2. The method of claim 1, wherein the estimated contact temperature is equal to the cooling fluid temperature, when the connector base temperature and the cooling fluid temperature are equal.

3. The method of claim 2, wherein the estimated contact temperature is the cooling fluid temperature plus the difference of the connector base temperature and the cooling fluid temperature multiplied by a constant factor.

4. The method of claim 2, wherein the connector base comprises a cavity through which cooling fluid is guided.

5. The method of claim 2, wherein the connector base temperature is measured with a temperature sensor attached to an inside of the connector base.

6. The method of claim 2, wherein the connector base temperature is measured with a temperature sensor attached to an outside of the connector base.

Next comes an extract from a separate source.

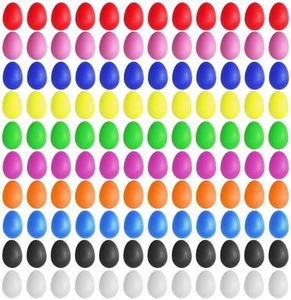 Olutacot 120 Pcs Plastic Egg Shakers Easter Egg Shaker Percussion Musical Maracas Plastic Easter Egg for Kids Toys Learning DIY Painting(10 Colors)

7. The method of claim 1, wherein the estimated contact temperature is the cooling fluid temperature plus the difference of the connector base temperature and the cooling fluid temperature multiplied by a constant factor.

8. The method of claim 1, wherein the connector base comprises a cavity through which cooling fluid is guided.

9. The method of claim 1, wherein the connector base temperature is measured with a temperature sensor attached to an inside of the connector base.

10. The method of claim 1, wherein the connector base temperature is measured with a temperature sensor attached to an outside of the connector base.

11. The method of claim 1, wherein the connector base is cooled with cooling fluid; wherein the cooling fluid temperature is measured with a temperature sensor arranged in a cooling fluid flow returning from the connector base; or wherein the cooling fluid temperature is measured with a temperature sensor arranged in a cooling fluid flow flowing towards the connector base.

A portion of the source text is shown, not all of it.